DESCRIPTION OF THE TASK: Leaving out all pictures, return the records word for word.

EXERCISE DATA: Begin

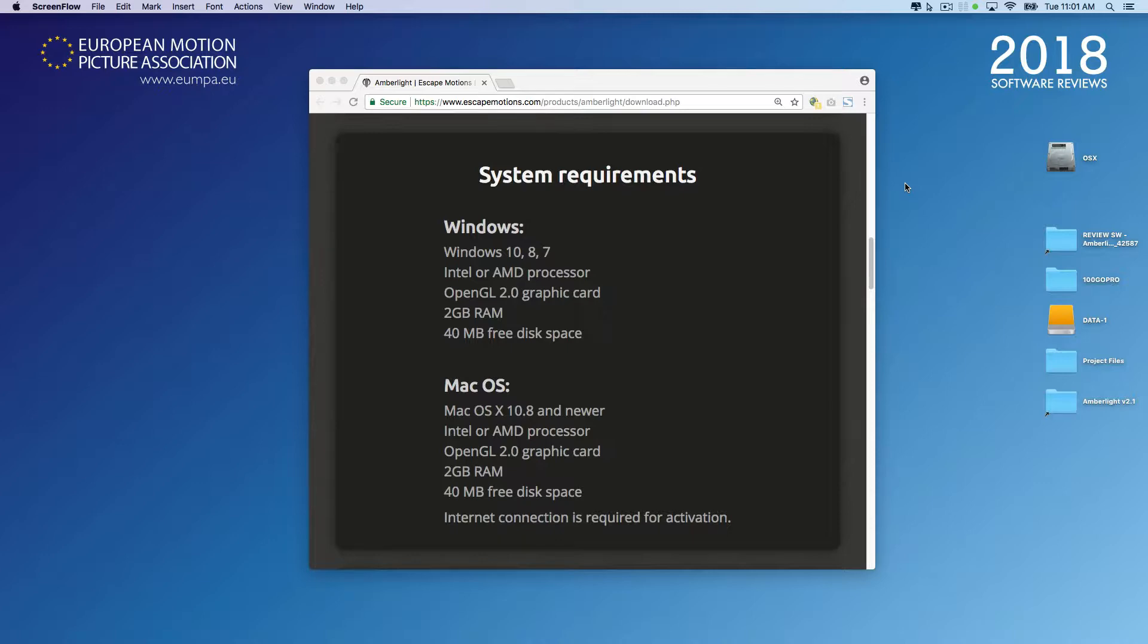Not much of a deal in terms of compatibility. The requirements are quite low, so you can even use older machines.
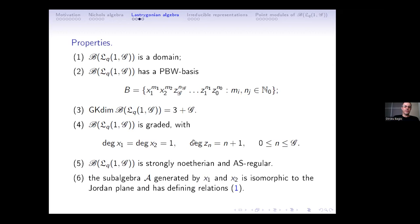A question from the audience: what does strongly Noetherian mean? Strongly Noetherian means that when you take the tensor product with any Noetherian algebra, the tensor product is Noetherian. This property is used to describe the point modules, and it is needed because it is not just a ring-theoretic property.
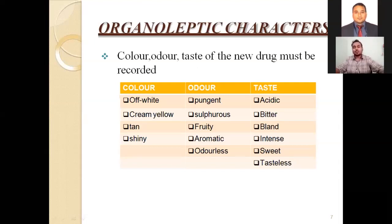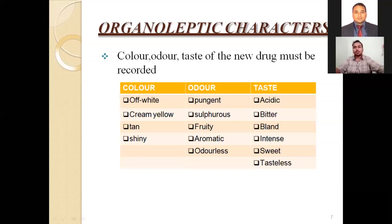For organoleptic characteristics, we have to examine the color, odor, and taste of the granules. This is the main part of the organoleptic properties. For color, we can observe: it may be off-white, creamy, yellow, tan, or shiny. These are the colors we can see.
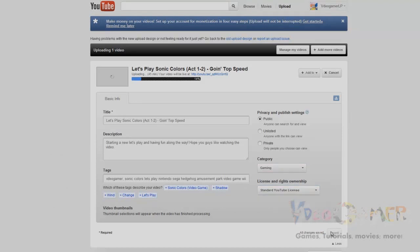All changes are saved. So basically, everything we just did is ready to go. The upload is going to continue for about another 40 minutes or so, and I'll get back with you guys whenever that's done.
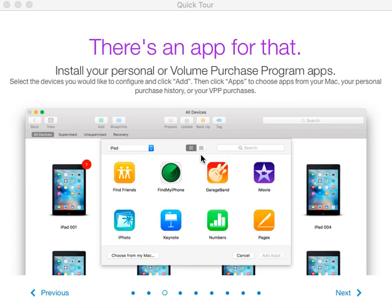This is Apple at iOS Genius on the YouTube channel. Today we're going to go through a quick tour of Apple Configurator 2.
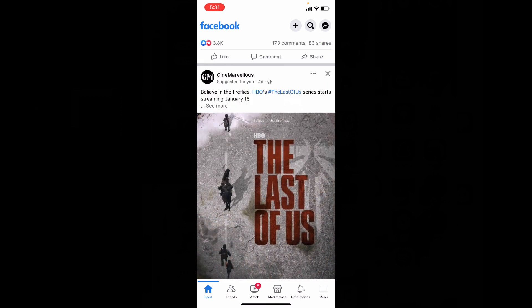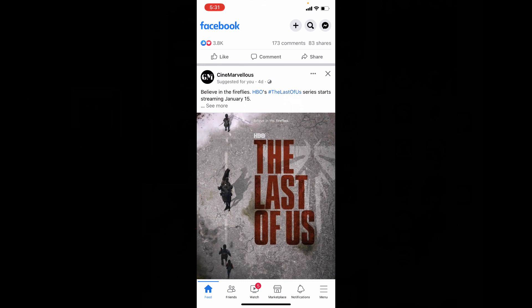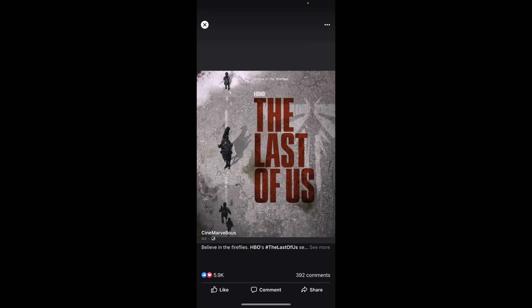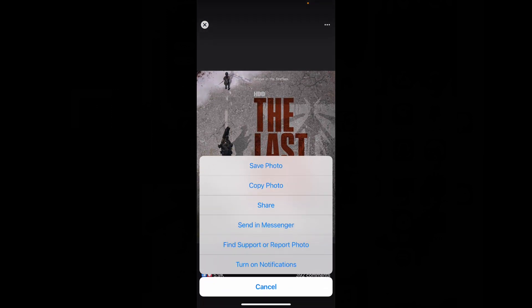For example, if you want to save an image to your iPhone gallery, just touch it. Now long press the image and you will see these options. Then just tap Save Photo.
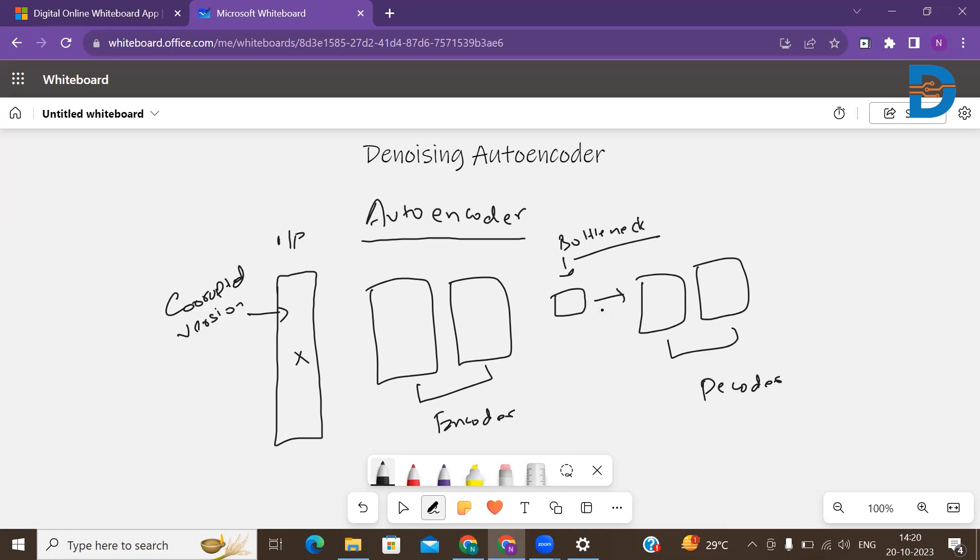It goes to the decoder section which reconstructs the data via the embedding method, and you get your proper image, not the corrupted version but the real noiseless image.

EXERCISE DATA: End

TASK ANSWER:
Not much of a deal in terms of compatibility. The requirements are quite low, so you can even use older machines.
A question from the audience: what does strongly Noetherian mean? Strongly Noetherian means that when you take the tensor product with any Noetherian algebra, the tensor product is Noetherian. This property is used to describe the point modules, and it is needed because it is not just a ring-theoretic property.
For organoleptic characteristics, we have to examine the color, odor, and taste of the granules. This is the main part of the organoleptic properties. For color, we can observe: it may be off-white, creamy, yellow, tan, or shiny. These are the colors we can see.
All changes are saved. So basically, everything we just did is ready to go. The upload is going to continue for about another 40 minutes or so, and I'll get back with you guys whenever that's done.
This is Apple at iOS Genius on the YouTube channel. Today we're going to go through a quick tour of Apple Configurator 2.
For example, if you want to save an image to your iPhone gallery, just touch it. Now long press the image and you will see these options. Then just tap Save Photo.
It goes to the decoder section which reconstructs the data via the embedding method, and you get your proper image, not the corrupted version but the real noiseless image.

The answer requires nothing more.